戦後になって、新かなづかいの関係から、公文書では「あへん」とひらがなで表記されるようになりました。戦後制定された法律は、「あへん法」と表記されます。歴史に関係した文章を書く際に、私はいつもかなりの不都合を感じながら、基本的には「あへん」と表記し、法令名、文献等に関しては「阿片」や「鴉片」の文字を記載しています。

ついでに「あへん煙」について。19世紀から中国でひろまったあへんは、主に、生あへんを喫煙用に加工した、あへん煙膏として使用されました。そのため、喫煙用のあへんは「あへん煙」「あへん煙草」などと呼ばれ、生あへんと区別されていたようです。明治ころの表記では、「阿片烟(えん)」または「鴉片烟」でした。
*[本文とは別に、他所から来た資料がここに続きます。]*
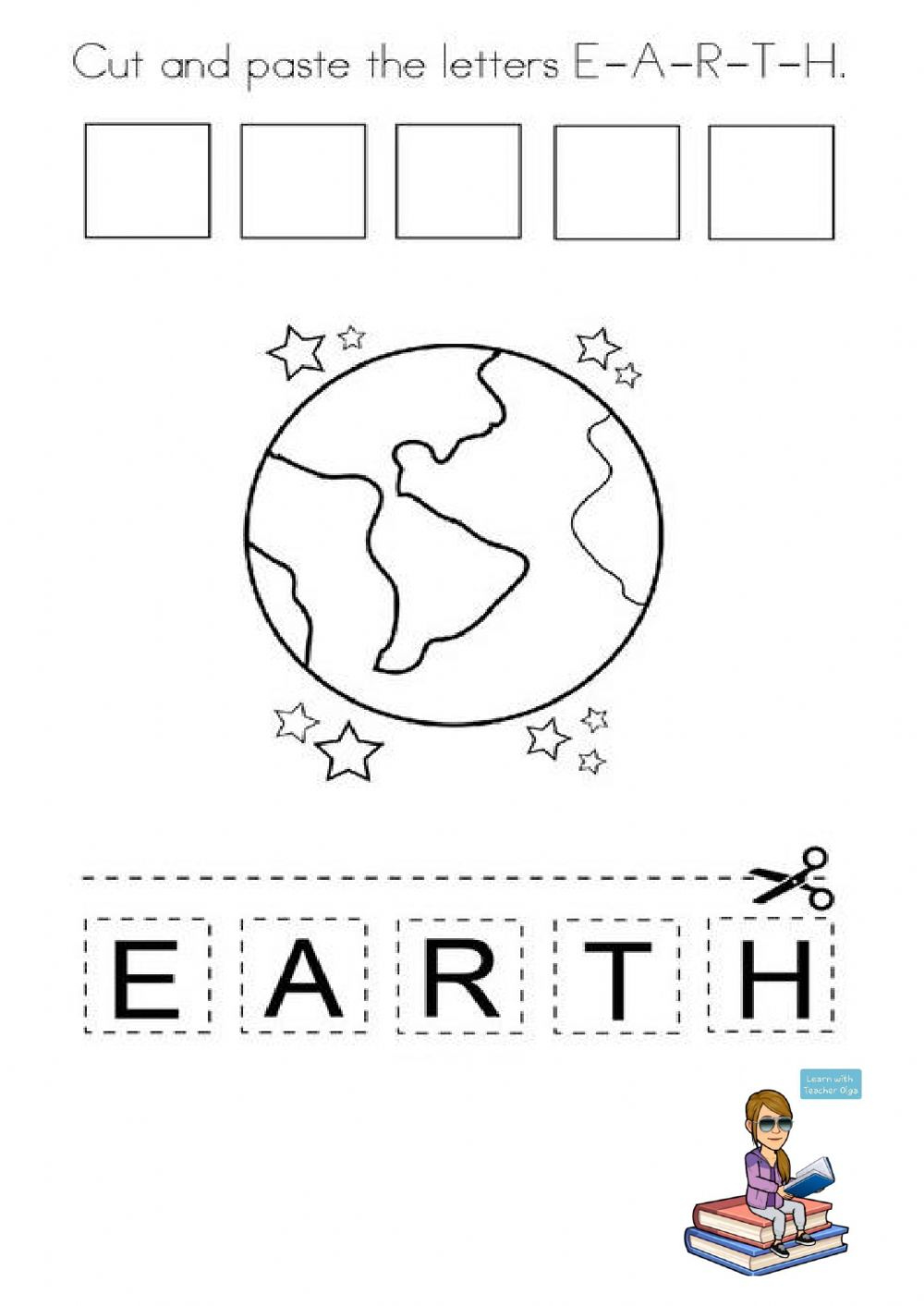 The Earth Online Worksheet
「販売鴉片烟律」から始まり、現在の刑法に引き継がれている一連のあへん規制において、規制の対象になっているのは、一貫して「あへん煙」、つまりあへん煙膏です。大正8年の裁判例に「刑法2編14章にいう阿片煙とは、あへん煙として直ちに吸食に供用することができる物体を指称するから、生あへんはあへん煙ということができず、従って生あへんをひそかに輸入、製造または販売しもしくは所持した者は、阿片法の規定に従って処罰されるべきであって、刑法136条を適用されるべきではない。」としている例があります(大正8年3月11日大審院判決)。